Safari Ramadhan Kembali digelar di Desa Babulu Laut

0
55

HARIANPPU.ONLINE,PENAJAM- Bupati Panajam Paser Utara (PPU) Abdul Gafur Mas’ud (AGM) dan Wakil Bupati PPU Hamdam beserta jajaran, kembali melanjutkan rangkaian safari ramadan di Masjid Nurul Iman Desa Babulu Laut Kecamatan Babulu, Senin (03/05/2021), kegiatan tersebut tentu mengutamakan protokol kesehatan (prokes) yang sudah ditetapkan Satuan Tugas Penanganan Covid-19.

Bupati PPU AGM dalam sambutannya mengatakan, terimakasih sebesar-besarnya pada pelaksanaan safari ramadan dengan buka bersama serta tarawih berjamaah di Masjid Nurul Iman ini, masyarakat yang hadir sudah menjalankan prokes yang sudah dianjurkan Pemerintah dengan baik. Tentu masih banyak pekerjaan rumah Pemerintah Kabupaten PPU, terutama infrastruktur masalah air PDAM diwilayah sini juga menjadi kendala.

” Saya juga berterimakasih kepada dinas terkait pada PUPR Kabupaten PPU, Bapak Camat Babulu, Bapak Kepala Desa yang juga peduli dan membantu memperjuangkan bagaimana infrastruktur ini bisa terwujud di Babulu Laut ini. Tapi insya Allah Pemerintah Kabupaten PPU akan memberikan solusinya. Kami menunggu doa dari bapak dan ibu mendoakan kami agar selalu diberi kekuatan dan para pejabatnya juga diberi kesehatan, “ujar AGM.

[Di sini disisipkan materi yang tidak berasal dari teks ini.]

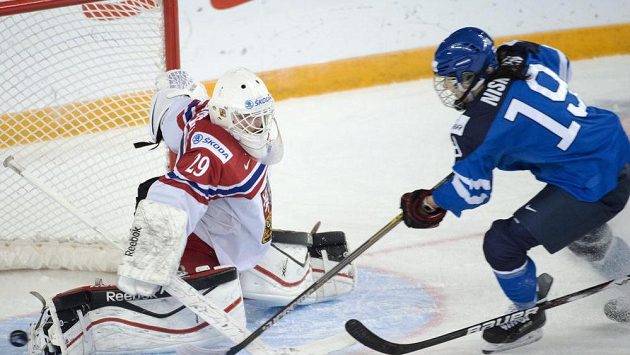Česká brankářka Klára Peslarová zasahuje proti Tanje Niskanenové z Finska na MS žen v kanadském Kamloops. Česká brankářka Klára Peslarová zasahuje proti Tanje Niskanenové z Finska na MS žen v kanadském Kamloops.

AGM pun mengingatkan, dimasa pandemi saat ini juga selaku ketua Satuan Tugas Penanganan Covid-19 Kabupaten PPU mengingatkan kembali kepada masyarakat di Benuo Taka ini. Bahwa Covid-19 ini benar-benar ada. Tapi tidak usah takut karena selalu menyerahkan semuanya kepada Allah SWT. Mari kita ikhtiar mengikuti anjuran prokes yang sudah dicanangkan oleh Pemerintah melalui Satgas Penganan Covid-19.

” Bulan penuh rahmat dan berkah ini semoga kita beserta seluruh penduduk di Benuo Taka mendapat malam lailatul qadar, dimana dengan ijinnya Allah SWT memberkahi kabupaten kita, memberkahi semua teman-teman kita, anak-anak kita dan bisa membawa negara ini yang kita tahu bahwa Presiden Republik Indonesia telah mengumumkan bahwa Penajam Paser Utara insya Allah akan menjadi Ibu Kota Negara (IKN),” jelas AGM.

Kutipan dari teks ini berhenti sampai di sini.